Upon arriving at the Mahaley home, Taylor and the defendant walked to the carport door, and Marylin told them to come in. Marylin appeared to be nervous, so the defendant tried to reassure her that everything was going to be all right. Marylin told the defendant that Roy had loaded his gun and that Roy had been drinking. The defendant told Marylin to go into the bedroom and stay with Samantha until he had had an opportunity to speak with Roy.
The defendant testified that when he and Taylor walked into the den, Roy reached for a gun which was underneath the couch. The defendant threw a blanket over Roy's head, and Roy hit his head on a table and was knocked unconscious. The defendant took the gun into the kitchen and put it on a counter. He then told Taylor to keep an eye on Roy. The defendant went into the bedroom and asked Marylin if she had some rope so that he could tie Roy's hands. Marylin said that there was probably some rope in the basement. The defendant found a piece of cord in the basement and went back to Marylin's bedroom.
The defendant testified that he heard loud voices, so he went into the den and found Taylor strangling Roy with the blanket. The defendant took the blanket from Roy's neck and checked his pulse; Roy was still alive. Taylor told the defendant that Roy had regained consciousness and started fighting with him, so he had choked Roy until he passed out. The defendant again went into the bedroom to talk to Marylin. When he returned to the den, Taylor was choking Roy with the cord that the defendant had brought from the basement. The defendant tried to remove the cord, but he inadvertently tightened it on Roy's neck. The defendant checked Roy's pulse and determined that he was dead. The defendant then went into the bedroom and told Marylin that Roy was dead.

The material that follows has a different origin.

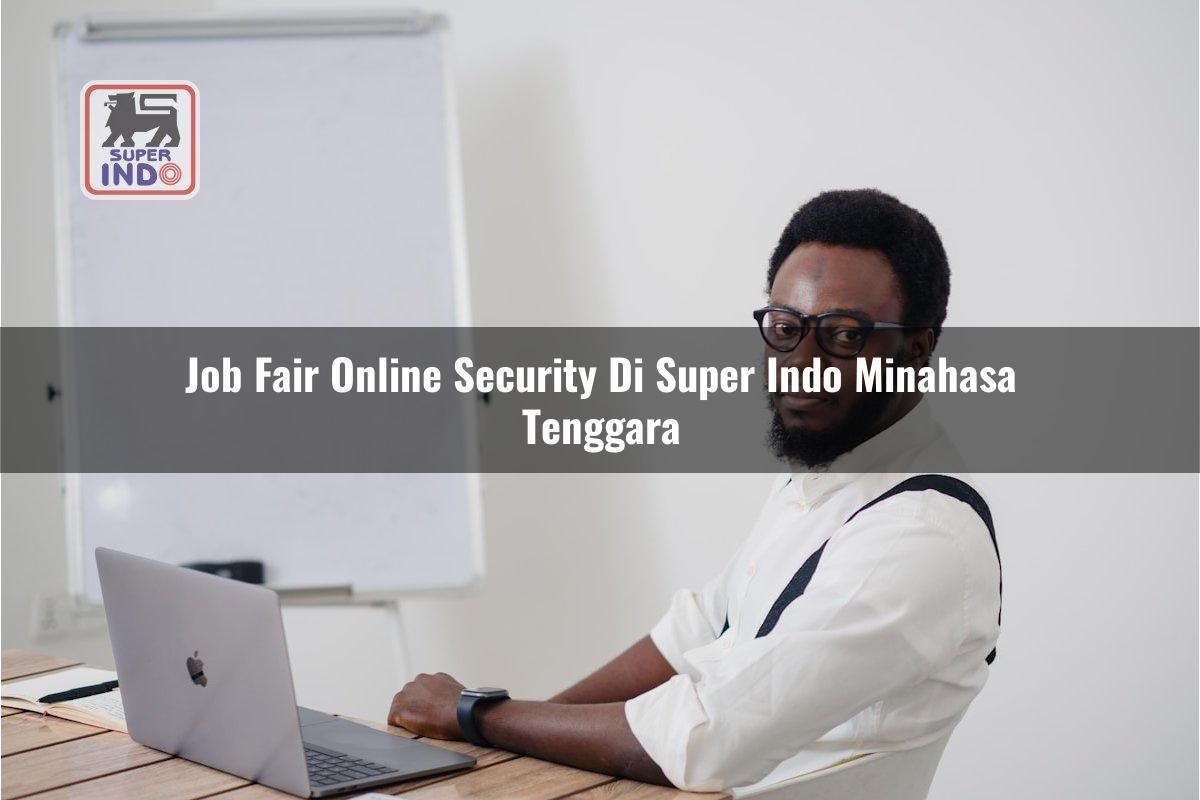 Job Fair Online Security di Super Indo Minahasa Tenggara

The defendant testified that he had been afraid to call the police because he felt that his relationship with Marylin would make the two of them natural suspects. After he talked to Marylin, they decided that it would be less suspicious to leave Roy's car at MAP Enterprises. Taylor and the defendant dressed Roy's body in work clothes and put it in the trunk of his car. Marylin picked up Roy's wallet, gave Taylor $150 and kept the rest for herself. The defendant drove Roy's car to the Knight's Inn and wiped the fingerprints from the car. He then drove the car to MAP Enterprises and left it parked in Roy's normal space.

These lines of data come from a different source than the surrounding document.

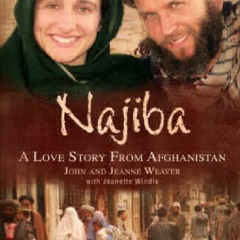 PDF KINDLE DOWNLOAD Najiba: A Love Story from Afghanistan full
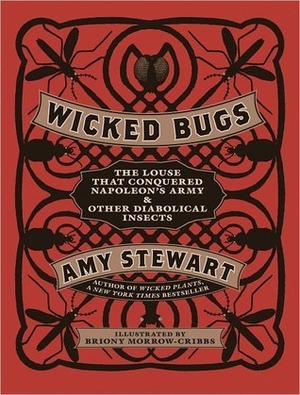 Wicked Bugs: The Louse That Conquered Napoleon's Army and Other Diabolical Insects by Briony Morrow-Cribbs, Amy Stewart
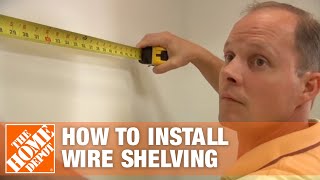 How To Install Wire Shelving  The Home Depot [upl. by Anirec832]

John Kramer, a friend of the defendant, testified as follows. Kramer lived in Baltimore, Maryland, and had known the defendant since the defendant was twelve-yearsold. The defendant once worked for Kramer, and they had been good friends over the years. Kramer had never met Eric Taylor, but Taylor called him one day and told him that the defendant needed $350 in order to get out of jail. Kramer testified that Taylor said that he did not like Roy Mahaley and would kill Roy if he thought that he could do so without being caught. At some point after the killing, the defendant called Kramer and told him that "Eric killed Roy."
Other evidence introduced at trial is discussed at other points in this opinion, *827 where pertinent to the issues raised by the defendant.
By his first assignment of error, the defendant contends that his written statement was obtained in violation of constitutional principles explained in Miranda v. Arizona, 384 U.S. 436, 86 S. Ct. 1602, 16 L. Ed. 2d 694 (1966), because the officers continued to interrogate him after he invoked his right to remain silent. In Miranda, the Court stated that "[i]f the individual indicates in any manner, at any time prior to or during questioning, that he wishes to remain silent, the interrogation must cease." Id. at 473-474, 86 S. Ct. at 1627, 16 L. Ed. 2d at 723.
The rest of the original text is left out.